The PM and baby: Making working motherhood normal

Whether you agree or not with her politics, we have a living example of a woman blending work and motherhood in Jacinda Ardern. I watch our Prime Minister in press conferences and I see the dark circles under her eyes, the tiredness she’s not allowed to admit to in case someone accuses her of not being fit to do her job (as if all previous Prime Ministers had no hopes or fears keeping them awake at night). I feel for her in the same way I feel for all mothers, in the same way I feel sorry for myself. Motherhood is not binary. You can be simultaneously fiercely attached to, and fascinated by, your baby, while also being bored out of your mind at the grinding monotony of feeds, naps and nappies.

“I’m not superwoman,” our Prime Minister said, of her return to work at six weeks post-partum. “I’m privileged and I’m lucky”. And she is. But we don’t all need our very own Clarke Gayford, ministerial limo or Premier House. Many of the conditions that have allowed the PM to balance motherhood with a high-profile job are conditions that could be replicated for us mere mortals: good quality childcare close to home or work; a short commute between the workplace and the office (or, if that’s too utopian an idea in this age of motorway gridlock, the flexibility to work from home); a society that encourages male partners as primary caregivers; some ability to accommodate breastfeeding for working mothers. The recognition that outcomes, rather than presenteeism, is what counts when it comes to work.

“The petition of the undersigned Women, of the age of 21 years and upwards resident in the Colony of New Zealand, humbly sheweth: that large numbers of Women in the Colony have for several years petitioned Parliament to extend the Franchise to them…”

The days are long but the years are short, as they say of parenthood. But equally the same could apply to our working lives. Employers that acknowledge that parenthood is just a small part of a working life, for both men and women, have more to gain than they do to lose.

Part of me wonders what Honora would make of make of all of this. I can see her tutting at the very idea of an unmarried mother for a Prime Minister. My complaints about pregnancy and motherhood would, I’m sure, seem incredibly precious to her. My two, carefully planned children would strike her as suspiciously Protestant.

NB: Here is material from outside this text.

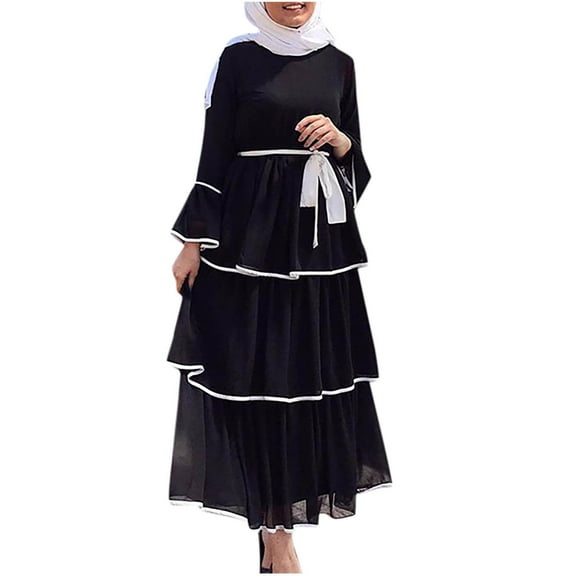 Efsteb 2025 Fall Fashion Elegant Muslim Dresses for Women Long Dress Women Abaya Dress Islamic National Robe (Black,XXXL)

If Honora had one trait in common with her many descendants, sympathy for moaners would be limited.

And yet – the Honora Mahony who scrawled her name on page 456 wanted something better and fairer for women. The Honora who left Ireland with her sister, knowing she’d never see Mary and Patrick again, knew that change takes courage, and change takes time.

I think of my grandmother, Honora’s grand-daughter in law, telling her girls they must travel. Go to London and do your OE, to see the world that I haven’t, and come back and tell me all about it. I think of my mum, told by the nuns who taught her that her career options were teaching or nursing, determined that my sister and I would go to university. Each generation of women pressing forward to forge a bit of change for the next, to make life a bit better for their daughters; Honora would approve, I think.

My daughter was born on 18 June. “You’ll forget”, people told me, when I complained about the never-ending hell of pregnancy (I haven’t). “It’ll all be worth it when you hold that baby in your arms,” they told me. (It was).

My daughter was born on 18 June. It will be up to her to seize the opportunities and privileges that being born in New Zealand will offer her. But it should not be her job, or the job of women “leaning in” to fight to create a space for ourselves. It is incumbent upon everyone, male and female, to create a New Zealand where all of our sons and daughters have the opportunity to contribute equally, at home and at work, where the impact of parenthood is shared equally over both parents’ careers, where it is the “done thing”.

My daughter was born on 18 June, and on that day the world was changed forever. She walks in the footsteps of all the Honoras, and of the voiceless armies of women who have gone before her.